Records & TransparencyMA
Getting Your Massachusetts HOA's Records
By The HOARebel Team · June 1, 2026 · 3 min read · Updated June 2, 2026
Records access in Massachusetts depends entirely on whether your home is in a condominium or a non-condo HOA. The condo and non-condo frameworks pull from different sources, and the practical path is different in each. For your specific situation, a licensed Massachusetts attorney is the right resource. This is general information, not legal advice.
Condominiums: Chapter 183A and the master deed
For condominiums, the records framework is a blend:
- The Massachusetts Condominium Act (M.G.L. ch. 183A) sets baseline financial and governance recordkeeping obligations.
- The recorded master deed and bylaws typically include specific provisions on books, records, and inspection.
- The Nonprofit Corporation Law (M.G.L. ch. 180) — if the unit owners' organization is incorporated as a nonprofit — adds member-level inspection rights.

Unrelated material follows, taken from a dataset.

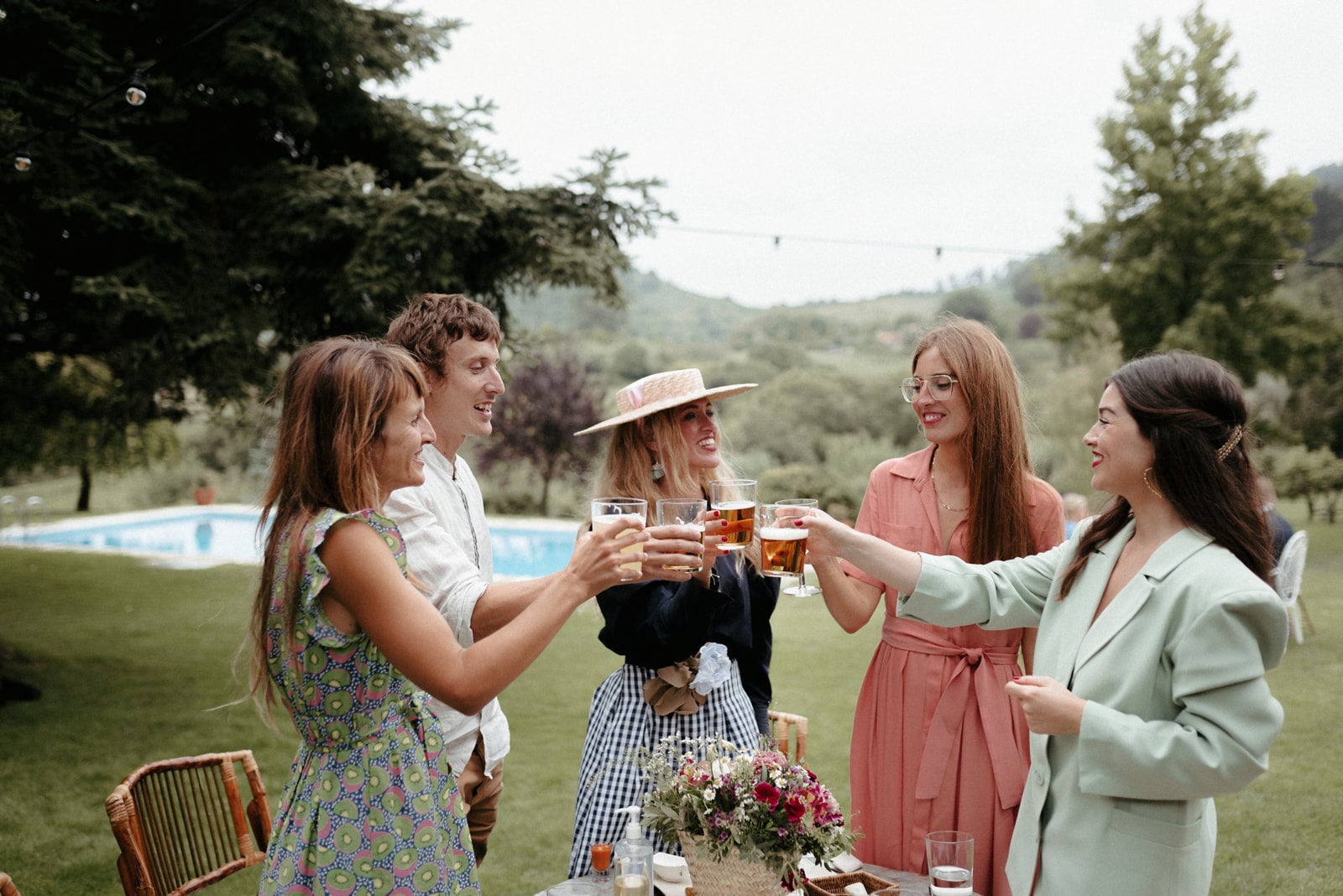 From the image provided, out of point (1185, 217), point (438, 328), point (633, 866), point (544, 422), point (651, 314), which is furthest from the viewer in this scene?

A condo unit owner usually has a right to inspect the financial records, contracts, minutes, and other operating documents that show how the organization is being run. M.G.L. ch. 183A, § 10 is the section that creates these recordkeeping and reporting duties: the party responsible for the records must prepare an annual financial report "to be completed within one hundred and twenty days of the end of the fiscal year," a copy of which "shall be made available to all unit owners within thirty days of its completion." Section 10 also requires that the organization's financial records be "available for reasonable inspection by any unit owner" during regular business hours and provides for an independent CPA review of the financial report (annually for condominiums of 50 or more units). Chapter 183A also requires a Section 6(d) certificate for resale, which gives any prospective buyer a snapshot of the unit's unpaid common-expense obligations — a useful information-forcing function.

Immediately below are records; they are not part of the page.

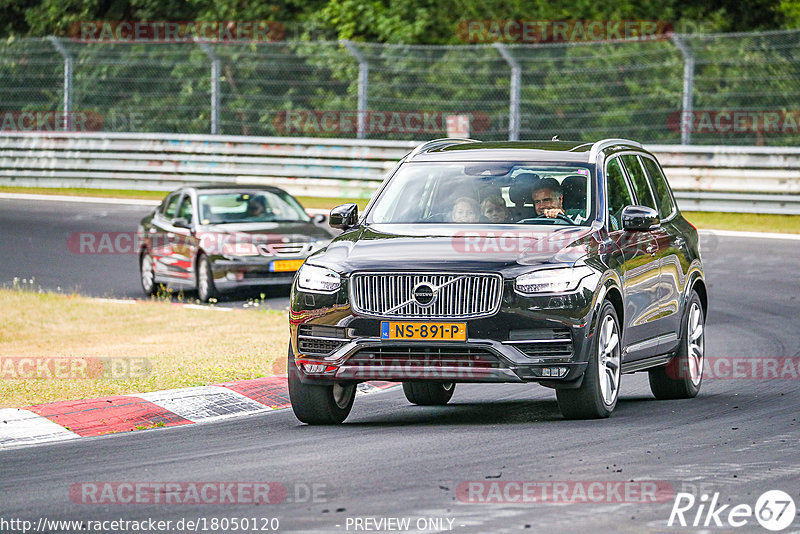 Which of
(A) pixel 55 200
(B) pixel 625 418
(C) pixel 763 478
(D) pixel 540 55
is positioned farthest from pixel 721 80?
(C) pixel 763 478

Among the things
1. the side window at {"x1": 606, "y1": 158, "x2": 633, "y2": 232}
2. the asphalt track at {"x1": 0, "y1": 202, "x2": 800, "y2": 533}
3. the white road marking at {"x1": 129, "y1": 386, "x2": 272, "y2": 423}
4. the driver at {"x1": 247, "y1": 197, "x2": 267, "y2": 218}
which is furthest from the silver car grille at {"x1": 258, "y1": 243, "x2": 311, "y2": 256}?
the side window at {"x1": 606, "y1": 158, "x2": 633, "y2": 232}

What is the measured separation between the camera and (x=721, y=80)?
86.6 ft

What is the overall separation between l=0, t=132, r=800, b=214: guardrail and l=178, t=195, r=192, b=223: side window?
8.23m

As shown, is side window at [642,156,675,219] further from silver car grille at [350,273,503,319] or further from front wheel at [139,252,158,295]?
front wheel at [139,252,158,295]

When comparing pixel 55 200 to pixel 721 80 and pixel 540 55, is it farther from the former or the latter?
pixel 721 80

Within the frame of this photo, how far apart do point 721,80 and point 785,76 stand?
1247 mm

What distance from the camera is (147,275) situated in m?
20.4

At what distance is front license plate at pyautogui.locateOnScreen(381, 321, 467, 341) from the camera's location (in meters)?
8.95

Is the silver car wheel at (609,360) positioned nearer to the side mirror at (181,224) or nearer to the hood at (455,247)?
the hood at (455,247)

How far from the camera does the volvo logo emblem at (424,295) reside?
9.02 meters

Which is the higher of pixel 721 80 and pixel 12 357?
pixel 721 80

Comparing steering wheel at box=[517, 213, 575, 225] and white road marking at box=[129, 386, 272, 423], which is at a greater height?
steering wheel at box=[517, 213, 575, 225]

Non-condo HOAs: CC&Rs plus Chapter 180
For non-condo HOAs, there is no Massachusetts statute parallel to Chapter 183A. Records access generally flows from:
- The recorded CC&Rs — these often specify what records owners may inspect and on what terms
- The bylaws — usually the more detailed operating document
- M.G.L. ch. 180 — Massachusetts's nonprofit corporation law, which provides members of incorporated HOAs with inspection rights to corporate records under specified conditions
Chapter 180 member-inspection rights are generally conditioned on a proper purpose and on reasonable notice. The specific procedures, fees, and limits depend on the HOA's incorporation and its bylaws, so reading the CC&Rs and bylaws is the first step.

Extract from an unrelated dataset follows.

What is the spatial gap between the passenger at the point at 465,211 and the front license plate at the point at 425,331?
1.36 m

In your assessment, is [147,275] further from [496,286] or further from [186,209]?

What owners commonly request
People reviewing Massachusetts HOA or condo books often look at:
- Annual budgets, reserve studies, financial statements, and audits
- Bank statements, vendor contracts, and bids
- The master deed/declaration, bylaws, adopted rules, and any fine schedule
- Board and member meeting minutes and notices
- Assessment ledgers and lien notices for the unit
- (For condos) Section 6(d) certificates
Records frequently feed other disputes — questioning a fine or the assessment lien usually starts with the underlying documents.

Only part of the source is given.